The museum's upper floors are used for changing exhibits, mostly in a modern vein. The newest show, for instance, focuses on artists using electronic or digital media. The basement gallery houses an eclectic collection of historical material about Native Americans and early settlers in the valley.

De Anza College campus, 21250 Stevens Creek Blvd., Cupertino; Mon–Thu, 10am–4pm; free; 408.864.8836.

The museum recently celebrated the opening of its new space next to the new Visual and Performing Arts Center on campus.

Art Museum of Los Gatos
4 Tait Ave., Los Gatos; Wed–Sun, noon–4pm; free; 408.395.7375. Inside the 1920s firehouse, the museum hosts juried shows and group exhibits.

Triton Museum of Art
1505 Warburton Ave., Santa Clara; Tue–Wed, 11am–5pm, Thu, 11am–9pm, Fri–Sun, 11am–5pm; free; 408.247.3754.

The museum generally hosts three shows at a time, with an emphasis on contemporary Bay Area artists.

Anno Domini
366 S. First St., San Jose; Tue–Fri, noon–7pm, Saturday, noon–5pm; free; 408.271.5155.

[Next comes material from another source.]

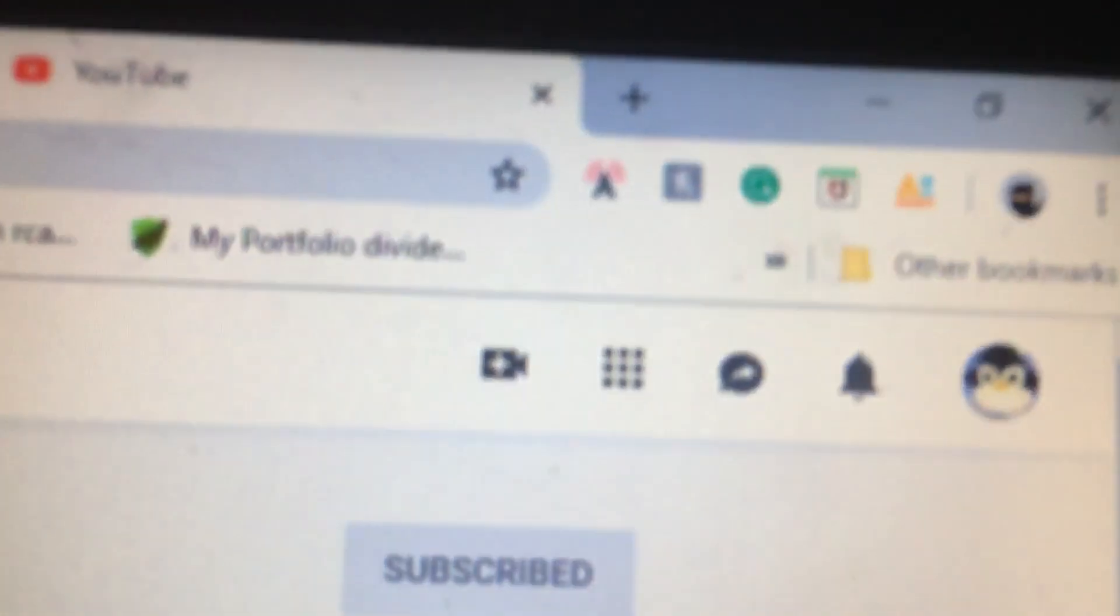Alright guys, so I woke up to this this morning. Your account has been terminated. My main account has been terminated.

Talk about cutting edge. If there is a Brazilian graffiti star in the making, chances are he'll get his first U.S. exposure at this vibrant downtown gallery. The shows change frequently, and Anno Domini is the bedrock of South First Fridays, when it offers lively receptions, often with live music.

510 S. First St., San Jose; Wed–Thu, noon–7pm, Friday–Saturday, noon–5pm; free; 408. 998.ARTE.

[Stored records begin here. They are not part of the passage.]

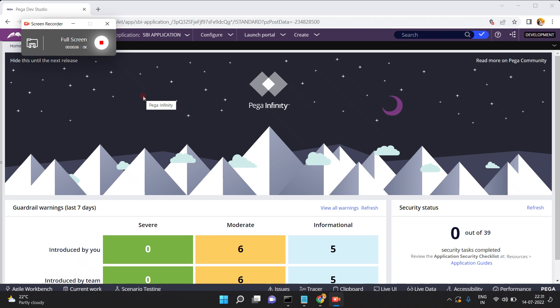In this video I am going to show you how to validate the list of rules which are present in my application. For example, my application is an SBI application and it contains so many ruleset versions. Every ruleset version contains a list of rules. I want to validate my application - are there any invalid rules present in my application? How can we do this in Pega?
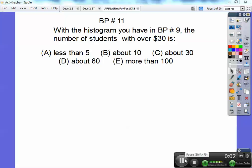Hey everybody, George of the Jungle here. This is a review for your test on chapter 2 in statistics — it's on the z-score table and some simple z-calculations. Let's do this board problem.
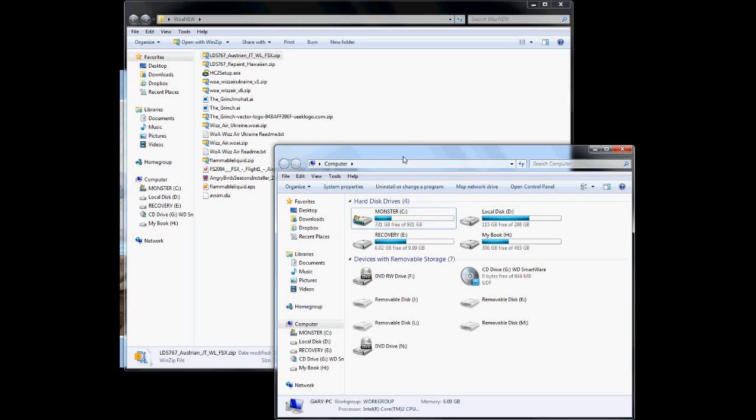Once you download your file, you're going to have to take the file that is inside of it, which is going to be either an L-D-X file, or L-D-S file. L-D-S is for Flight Simulator 9, or Flight Simulator 2004, and L-D-X is for Flight Simulator X, or Flight Simulator 10.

The concentration is on Bay Area Latino artists, with rotating shows and the annual Latino Art Auction.

Mohr Gallery
Community School of Music and Arts, 230 San Antonio Circle, Mountain View; Mon–Fri, 9am–7pm, Sat, 9am–3pm; 650.917.6800.

The shows by local contemporary artists are often accompanied by free lectures. Shows change every six weeks approximately.

Palo Alto Art Center
1313 Newell Road, Palo Alto; Tue–Sat, 10am–5pm, Sun, 1–5pm, till 10pm Tue–Thu; free; 650.329.2366.

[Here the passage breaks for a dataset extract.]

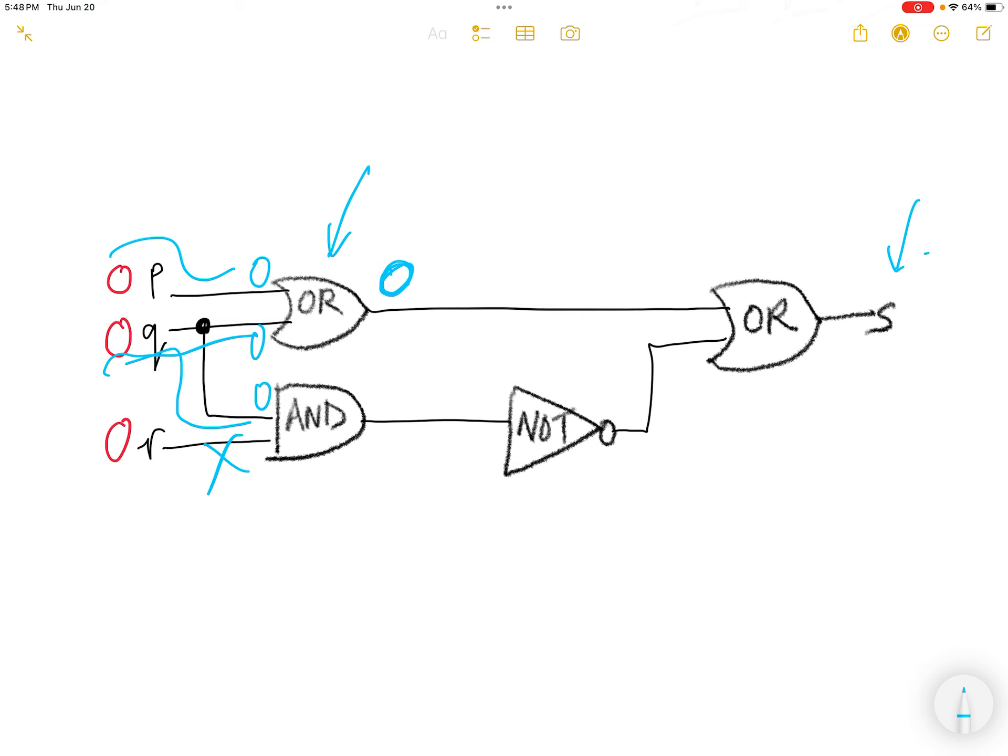For the AND gate, one of the inputs is 0. Don't have to look for the second one. The moment when AND has a 0 as false, the output of AND is false.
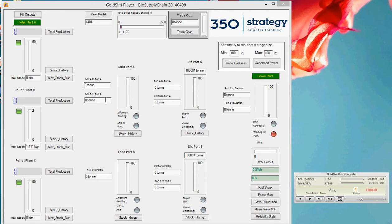Hi, my name is Rachel Lee from 350 Strategy. I'm going to take you through a biomass supply chain model that we've developed. This is just a demonstration model, but shows how you could apply it to your particular circumstances.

The center has three galleries (one is large and dramatically lit; the other two are pocket-sized). Past shows have ranged from Japanese prints to retrospectives by major Bay Area figures like Nathan Oliviera.

San Jose Institute of Contemporary Art
560 S. First St., San Jose; Tue–Fri, 10am–5pm, Sat, noon–5pm; free; 408.283.8155.

Metro's neighbor rotates provocative one-person and group shows and installation through two galleries, plus a video-screening room. The group exhibits often come with intriguing themes like the current exploration of rejection called "It's Not Us, It's You."

WORKS/San Jose
451 S. First St, San Jose; Tue–Fri, noon–4pm; free;

The community-based, artist-run space keeps eccentric hours, with occasional exhibits and evening music shows. 

History San Jose
History Park, 1605 Senter Road, San Jose; Tue–Sun, 11am–5pm; free; 408.287.2290.

The complex of historical buildings includes the McKay Gallery and Pacific Hotel Gallery, which hosts exhibits focusing on local artists past and present.

Art Walks South First Fridays
The downtown SoFA district goes all evening with receptions and happenings.

Second Saturdays Redwood City
Several galleries and the Redwood City Art Center participate the second Saturday of the month (April to October) from 7 to 9pm.

First Fridays Palo Alto
Many of the galleries stay open from 6 to 9pm for visitors. Some spots, like the Pacific Art League, host special programs with participating artists.